HUB EXEC Update Here

Bill Henning · 2014-02-06 06:28

Not for (-32..-1)*scale in PTRB which is pretty good

David Betz wrote: »

That's true but won't the code that uses these values still have to update the return address on the stack to skip over them when it returns?

Cluso99 · 2014-02-06 06:39

Adding PTRA/B for each task doesn't seem like it will be any help vs the complexity. Once hubexec starts to do lots of other hub access,many of the speed advantages disappear.

The CALLR (fast leaf/non-leaf?) would work by using the CALL and RET (via the task 4 level stack) because only a single level gets used.

Now for the slow CALLR where the address needs to be saved to thehub stack, in this case only, it would be necessary ro use anextra instruction and 1 clock to POP the return address off the task stack.Then this wouldbe writtento thehubstack,presumablyusing PTRA++.
If this is so, then.. could an instruction be added WRLONG PTRA++,pop where pop gets the value from the task stack.
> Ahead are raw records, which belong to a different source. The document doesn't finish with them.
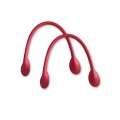 Anse 40 cm pour sac rouge - 70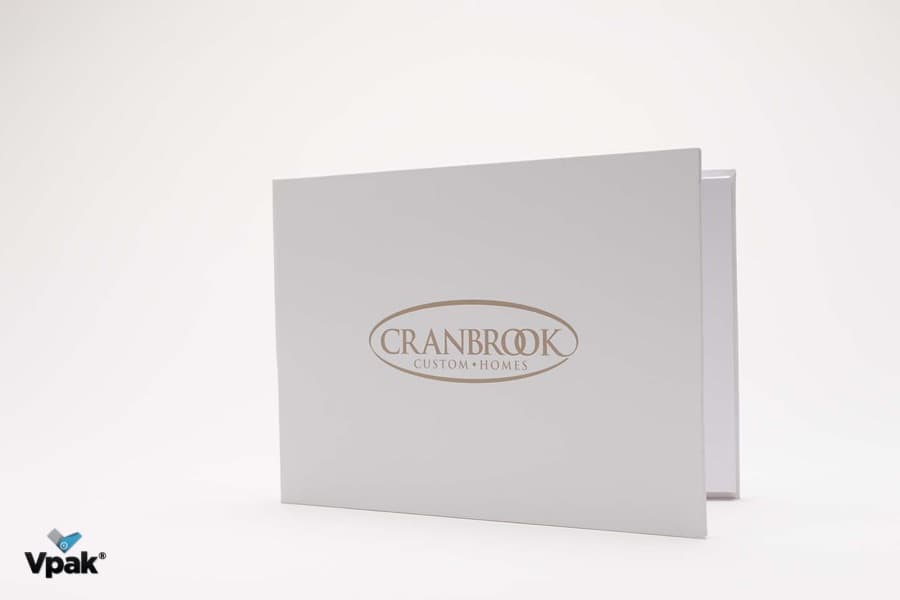 Cranbrook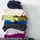 Zoeppritz Soft-Fleece Decke 160 x 200 cm offwhite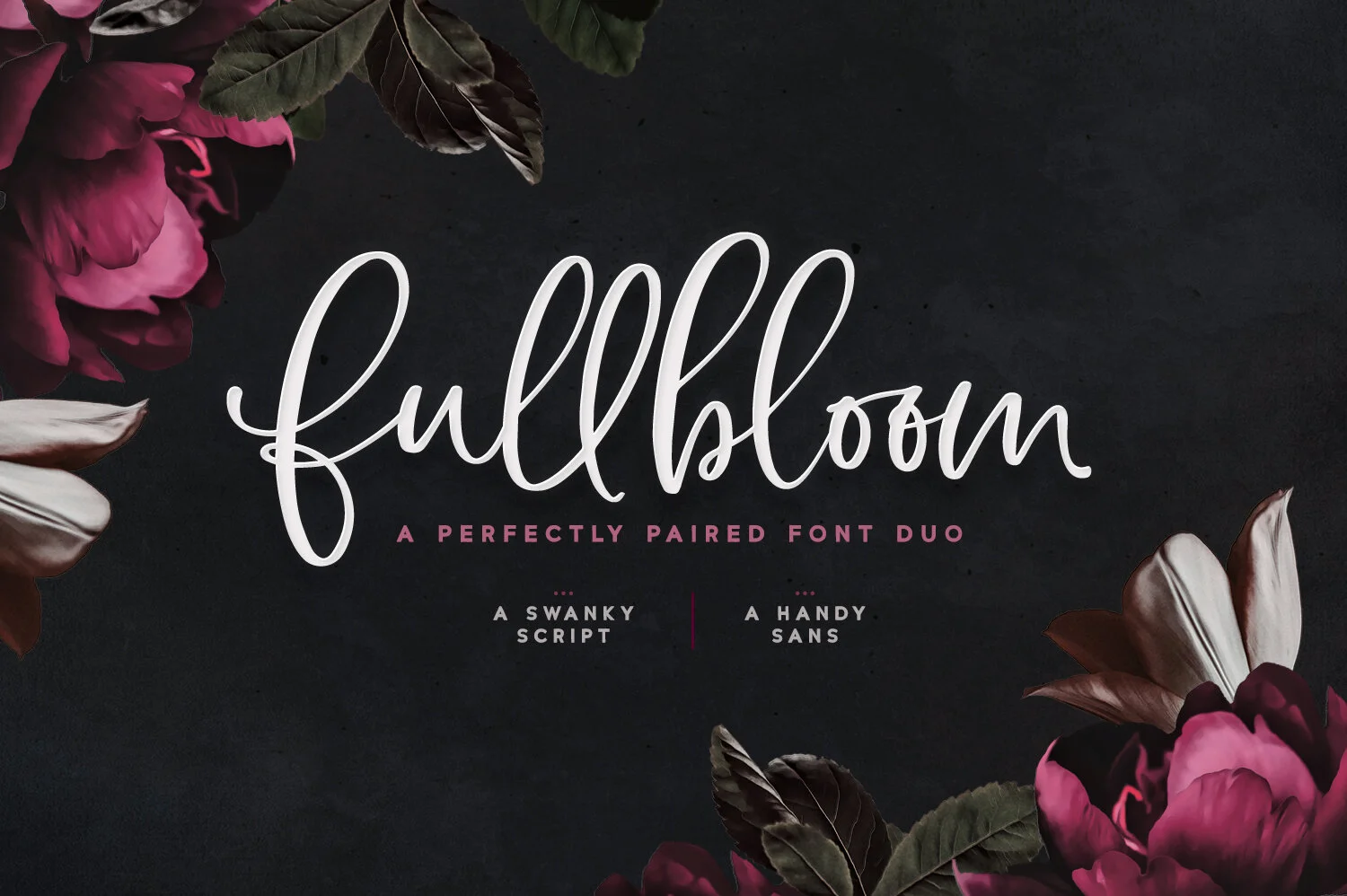 Fullbloom_Preview1.jpg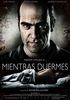 Mientras Duermes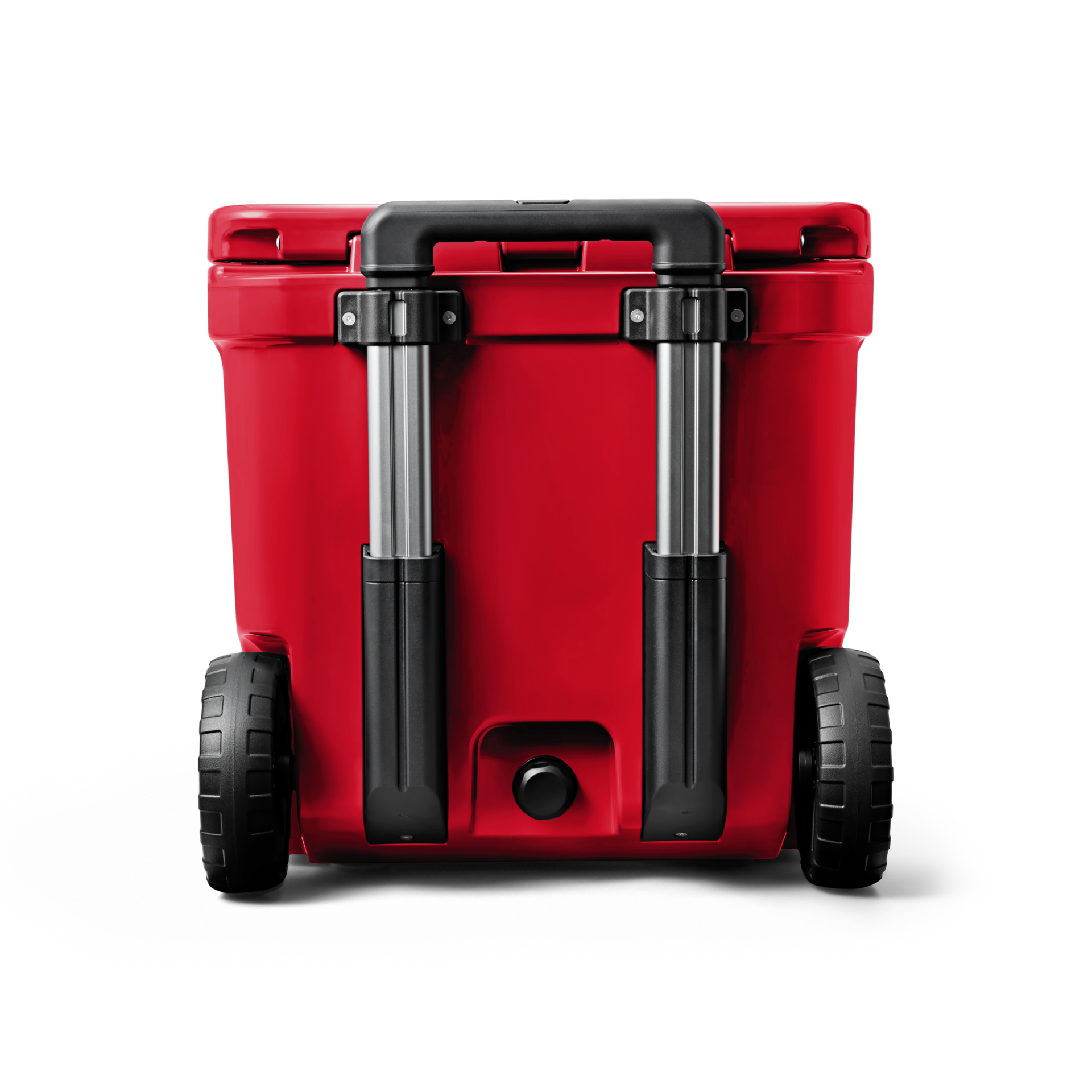 48 WHEELED COOLER - Image 7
This woould only be a single instruction, and since weknow both D and S, a simple no operandinstruction like PUSHRET could bedone.

Alternately, could we make the task stack visible at say $1F1 ? or as I suggested earlier, make CALL also write to $1F1 ?

cgracey · 2014-02-06 06:47

Cluso99 wrote: »

Adding PTRA/B for each task doesn't seem like it will be any help vs the complexity. Once hubexec starts to do lots of other hub access,many of the speed advantages disappear.

It would mainly help in CALLA/CALLB/RETA/RETB operations, pushing and popping the stacks for you.

As far as writing a register with the return address goes, I'd prefer $000, since that register can be remapped for 4 tasks, simplifying the logic required and facilitating greater register context for multi-tasking.

Bill Henning · 2014-02-06 06:50

CALLA/CALLB use a hub stack, they are my favorites for "large" stack applications as no need for a PUSHA LR (saves one instruction plus one cycle for every non-leaf function)

CALLX/CALLY use an aux stack, my favorite for most code, as it allows a "medium" stack and avoids hub cycles

CALL/RET use the 4 element stack, support LR functionality - great for GCC and small cog code

The three variations cover tiny/medium/large code, full coverage... love it.

Bill Henning · 2014-02-06 06:53

My only concern with using $000 is that if the initial instruction is a CALL, it will be clobbered.

Not a big deal, docs will just have to say location $000 gets overwritten.

Regarding per-task PTRA/PTRB... would love it, but only if does not slow down P2, and does not cause hub to be reduced below 256KB

cgracey wrote: »

It would mainly help in CALLA/CALLB/RETA/RETB operations, pushing and popping the stacks for you.

As far as writing a register with the return address goes, I'd prefer $000, since that register can be remapped for 4 tasks, simplifying the logic required and facilitating greater register context for multi-tasking.

evanh · 2014-02-06 06:54

Before going to town on flexible hubexec data flows you might want to review the level of stalls from hub timing. Bursting whole frames might be more efficient. Or is there already some caching for this issue?

Cluso99 · 2014-02-06 06:56

Noticed after posting, some of this has been discussed. (this xoom is painful

)

I reall cannot see the justification in having separate PTR pairs for eachtask, especially if its in the time critical path. I just don't see lots of multithreaded hubexec code using lots of hub accesses being written.

There are still important things tobe added like crc, some pin pair mods, and lets not forget SERDES, and there was a counter chaining suggestion too. How much die space is remaining?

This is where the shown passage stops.